You may want to reword this a bit. Unless you think that only unplanned litters are okay and planned litters aren't. I'm not trying to start anything but this sounds like you think that deliberate, responsible breeding is a bad thing...


----------



## SRGaudio1

I kinda agree, you guys seem a little over the top about this. Ratties needing homes are Ratties needing homes :/


----------



## ema-leigh

As both a breeder and a rescuer I still believe planned litters shouldnt be posted on here. Anybody on this site would search for a breeder online if thats what they wanted - as the majority have websites. An ethical breeder should have some sort of waiting list complied before having the litter, so they know theres homes available. Alot of people on this site run rescues, and get to see first hand just how many ratties are desperatly need of a good home. Even though these siamese rats are gorgeous, thats 8 potential homes for the rescue rats gone. This site has rules for a reason, im suprised a mod hasnt deleted this already.


----------



## Alexc844

The mods have discussed it and although promoting breeding is NOT allowed on this site, posting that you have babies for adoption in the Rats Needing Homes section, planned or not, is fine.


----------



## ema-leigh

Sure... should of figured really. :-\


----------



## Katydid

I understand and agree with the reason for not posting planned litters on the board.

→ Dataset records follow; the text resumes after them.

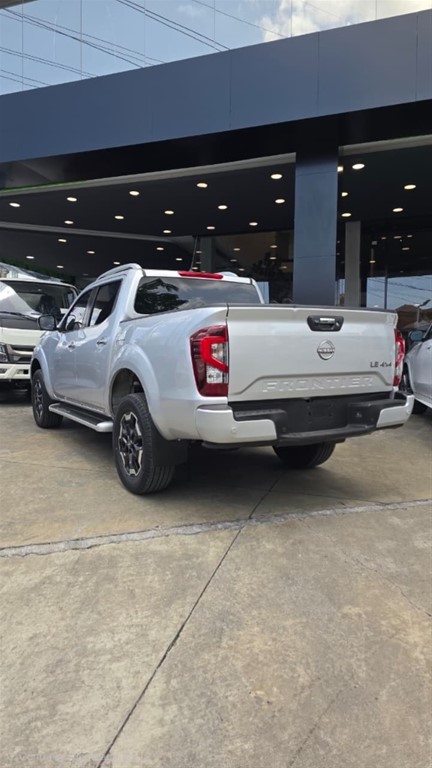 2025 Nissan Frontier LE — foto 6 / 12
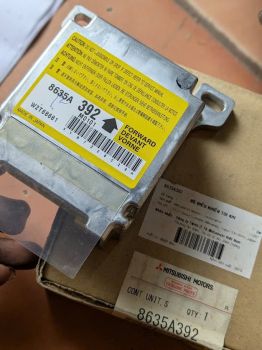 Hộp điều khiển túi khí Mitsubishi Mirage  Mitsubishi Attrage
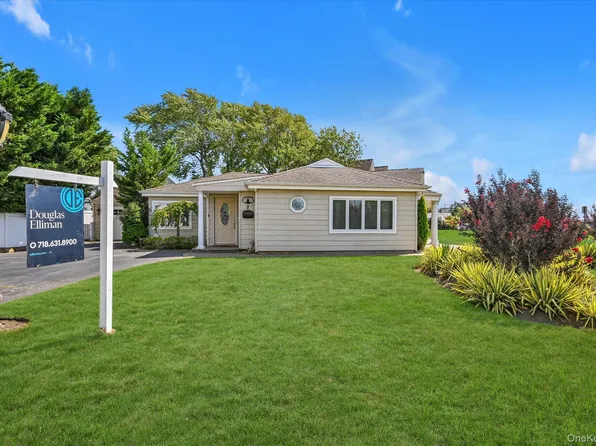 2 Adam Road W, Massapequa, NY 11758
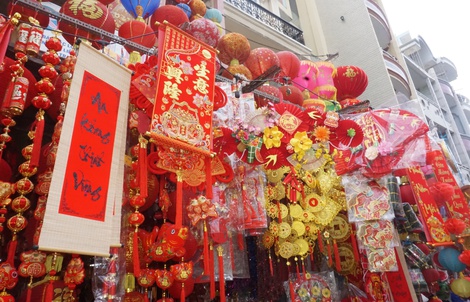 Sắc Xuân đến sớm ở Chợ Lớn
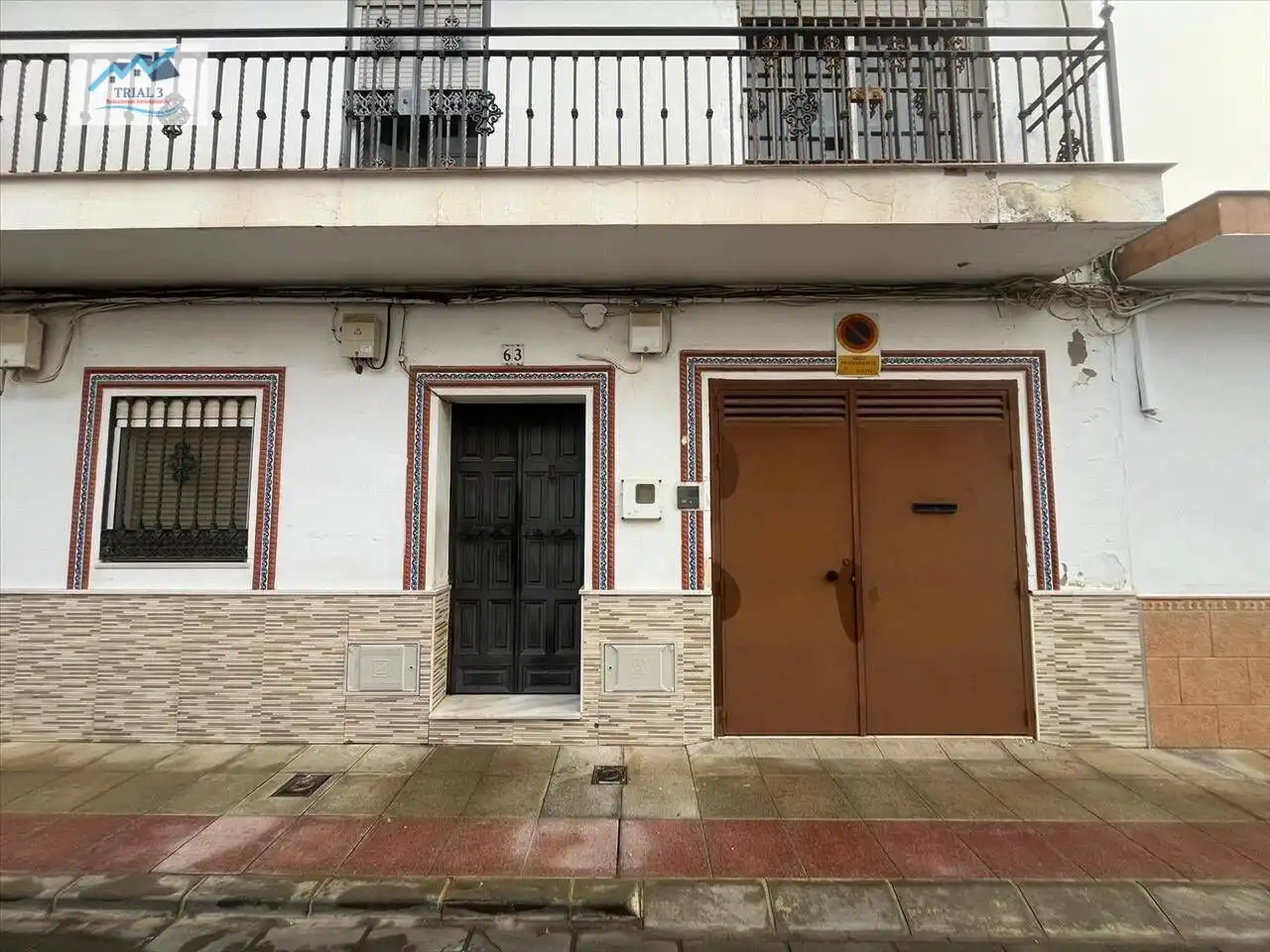 House for sale in Calle HOJIBLANCA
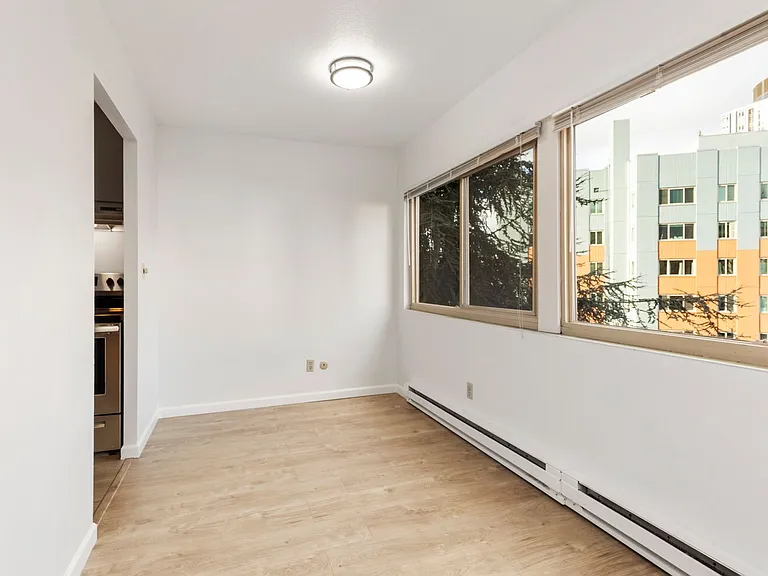 The Willis Apartments — Photo 29
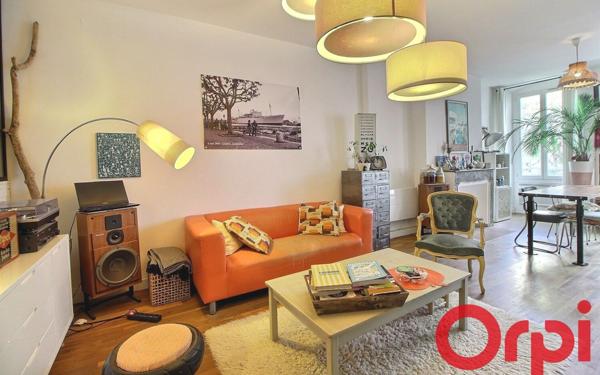 Appartement à vendre    3 pièces • 65,55 m2 Marseille 1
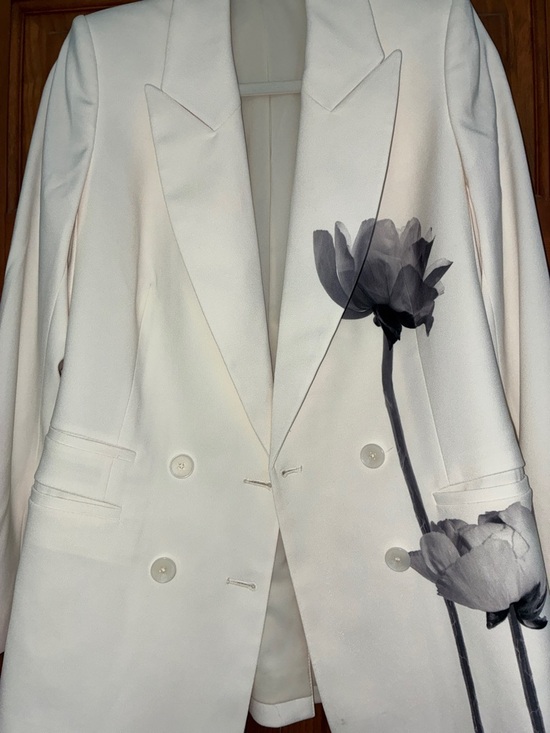 Express Jackets & Blazers - Express Ivory off white Blazer with Black and grey Floral design size medium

However, the connotation to the phrase "we do not advocate" means "we do not support." I should hope that this forum does support planned breeding as opposed to haphazard breeding.

I was just trying to clarify a situation.


----------



## Alexc844

Correct. Up until recently I actually wasn't fully aware that breeding discussion wasn't welcome. That does not mean this forum frowns upon GOOD breeders. But, i think the main issue is that we do not want to encourage BYB's. So, we just do not allow breeding discussion at all. This rule however does NOT carry over to the rats needing homes section, since this section isn't really for discussion.
Rats need homes, regardless of where they come from.

Anyway, that is the way I perceived the rule.


----------



## ema-leigh

Check out this link http://www.ratforum.com/index.php/topic,21583.0.html

The rule was clearly stated here NOT to advertise planned litters. Which mods discussed this?


----------



## Simisama

ema-leigh said:


> Check out this link http://www.ratforum.com/index.php/topic,21583.0.html
> 
> The rule was clearly stated here NOT to advertise planned litters. Which mods discussed this?


"don't advertise intentionally bred litters on the "rats needing homes" section"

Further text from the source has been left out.